No one knows yet what causes the constellation of post-COVID symptoms, often termed long COVID, that afflict from 5% to 80% of people after a SARS-CoV-2 infection. It’s possible at least four different biological mechanisms lead to distinct conditions or subtypes of long COVID, said Akiko Iwasaki, a professor of immunobiology and molecular, cellular, and developmental biology at Yale University.

“Long COVID is likely multiple different diseases,” Iwasaki said last week in an interview in her lab in New Haven, Connecticut. In one of these forms, persistent SARS-CoV-2 may trigger a damaging immune response that leads to ailments that could be quelled with drugs that target the virus, she said.

“I have heard anecdotally of people recovering from long COVID after antivirals or monoclonals,” said Iwasaki, who wants to collaborate on clinical studies of potential therapies. “I’m really excited at the possibility of testing direct antivirals and monoclonal antibodies” against long COVID, she said. 

Pfizer drug

Pfizer Inc.’s Paxlovid received emergency use authorization from the Food and Drug Administration in December, introducing the first COVID treatment taken in pill form. Pfizer doesn’t have any long COVID studies underway, but is assessing their possibility, the drugmaker said in an email. 

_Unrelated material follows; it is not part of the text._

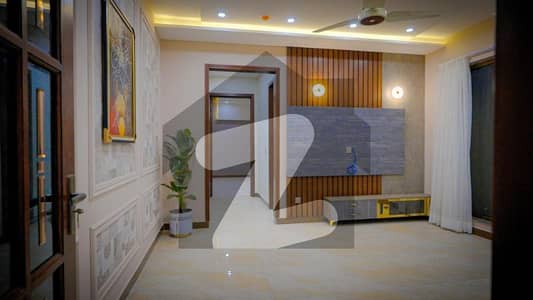 لیک سٹی میڈوز لاہور میں 3 کمروں کا 1 کنال بالائی پورشن 1.1 لاکھ میں کرایہ پر دستیاب ہے۔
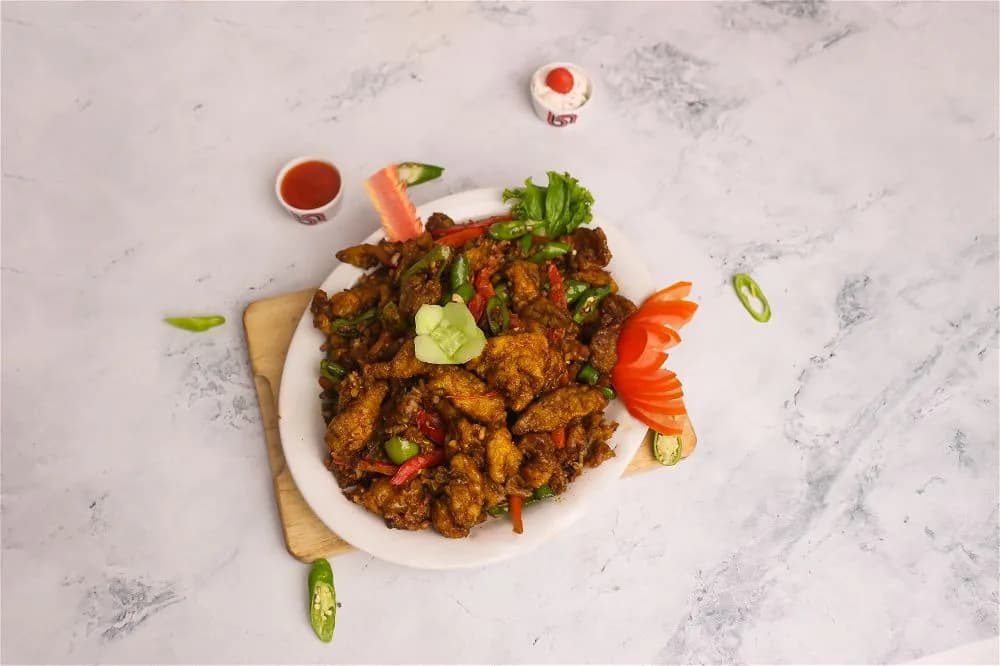Fish with Green Chillies (Dry)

Once antiviral products are fully approved, rather than authorized as most are now, researchers will have greater freedom to study them in combinations, said Carl Dieffenbach, director of the division of AIDS at the National Institute of Allergy and Infectious Diseases. Dieffenbach is also co-leading an antiviral program to counter pandemic threats.

Some scientists believe Omicron and its subvariants evolved in a single patient suffering prolonged COVID infection. Drugs that speed the elimination of such infections might reduce the risk that new immune-evading strains will emerge. 

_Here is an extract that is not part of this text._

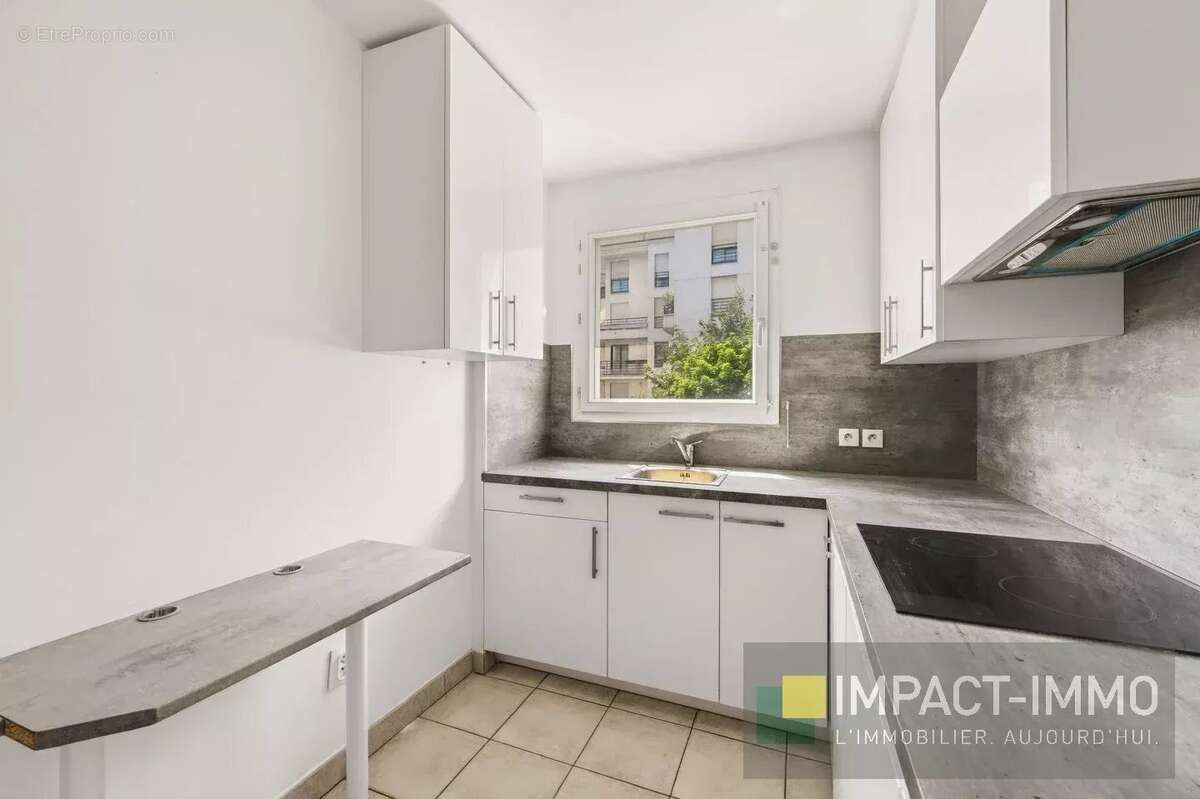 Appartement à LEVALLOIS-PERRET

SARS-CoV-2 is mostly transmitted via respiratory particles emitted from infected persons’ airways. However, showing that fecal matter contains infectious particles is difficult, as it requires isolating, purifying and testing live viruses from microbe-rich stool in labs especially equipped to handle dangerous pathogens.

The digestive tract is the main site outside the respiratory system for SARS-CoV-2 persistence and periodic viral shedding, researchers in China showed in 2020. Traces of the virus were identified in fecal matter within weeks of COVID’s emergence and prompted the use of wastewater surveillance to gauge the pandemic’s spread.

Autopsy findings

“The intestine is the one place that people have reported persistent antigens and RNA,” Iwasaki said. Others have reported evidence of persistence in lymph tissues, the brain and other organs mostly from autopsies performed on people who succumbed from a severe, acute bout of COVID. “It’s not clear how much of that is actually happening in long COVID patients,” she said.

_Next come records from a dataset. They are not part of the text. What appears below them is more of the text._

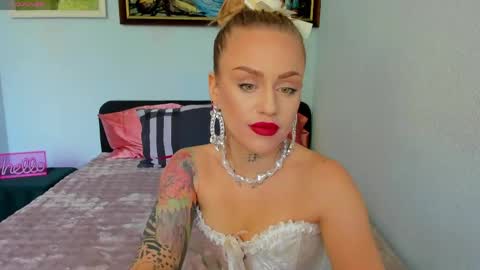Mia online show from 05/30/26, 09:39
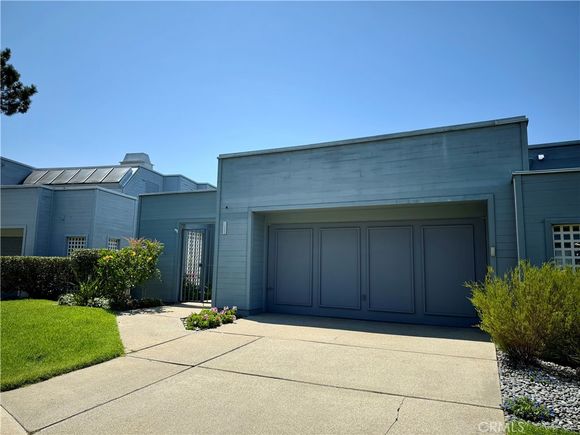 1035 Reliance Way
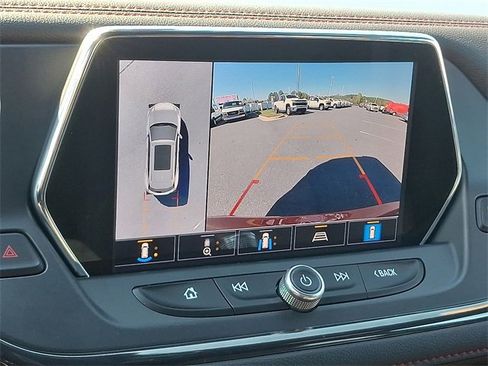 Used 2021 Chevrolet Blazer RS w/ Enhanced Convenience Package image 17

Data on the frequency and duration of the coronavirus in the stools of people with mild-to-moderate COVID have been largely lacking, Stanford’s Bhatt said. In May 2020, as part of a separate study, she and her colleagues began monitoring long COVID symptoms and the degree and location of viral shedding in people. 

When the researchers analyzed fecal samples from 113 participants at specific time points after infection, about 13% were still shedding viral RNA four months later, after they had cleared the virus from their airways. Two participants had traces of the virus in their stools some 210 days after their infection.

The researchers weren’t able to isolate enough viral RNA to determine which variant had infected the participants, or to conclusively show that the samples isolated from any given individual at early and later time points were the same strain. Still, specimens were collected in the first year of the pandemic, when reinfection with a second strain or variant during the study period was less likely.

Bhatt, who trained as a cancer doctor and studies the interaction of gut microbes and patient outcomes, says the new findings will improve understanding of clues that can be gleaned from sewage on community transmission of the coronavirus.

“When we look at wastewater-based epidemiology and try to interpret it, it’s critical that we understand how much people are shedding and for how long,” she said.

—With assistance from Riley Griffin.